### YOUR TASK
A copy of the listing below is needed, exact in every line and without images.
─── INFORMATION SUPPLIED
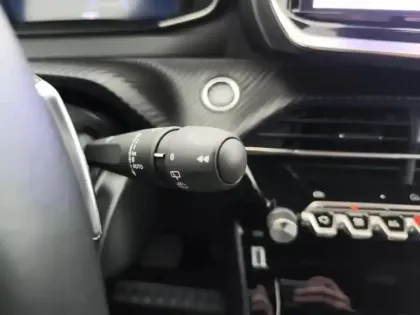 Photo 17 Peugeot 2008  Hybrid 136 e-DCS6 Allure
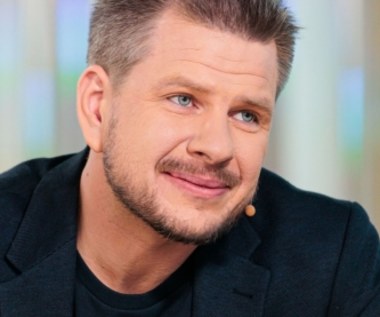 Filip Chajzer spóźnił się z prezentem na Dzień Dziecka. Teraz się tłumaczy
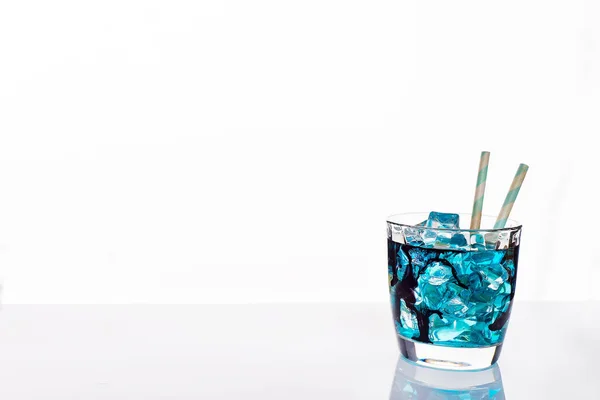 Pramenila Koktejlové Sklenice Modrým Alkoholický Nápoj Close Izolované Bílém Šablona — Stock fotografie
──────
### TASK ANSWER
 Photo 17 Peugeot 2008  Hybrid 136 e-DCS6 Allure
 Filip Chajzer spóźnił się z prezentem na Dzień Dziecka. Teraz się tłumaczy
 Pramenila Koktejlové Sklenice Modrým Alkoholický Nápoj Close Izolované Bílém Šablona — Stock fotografie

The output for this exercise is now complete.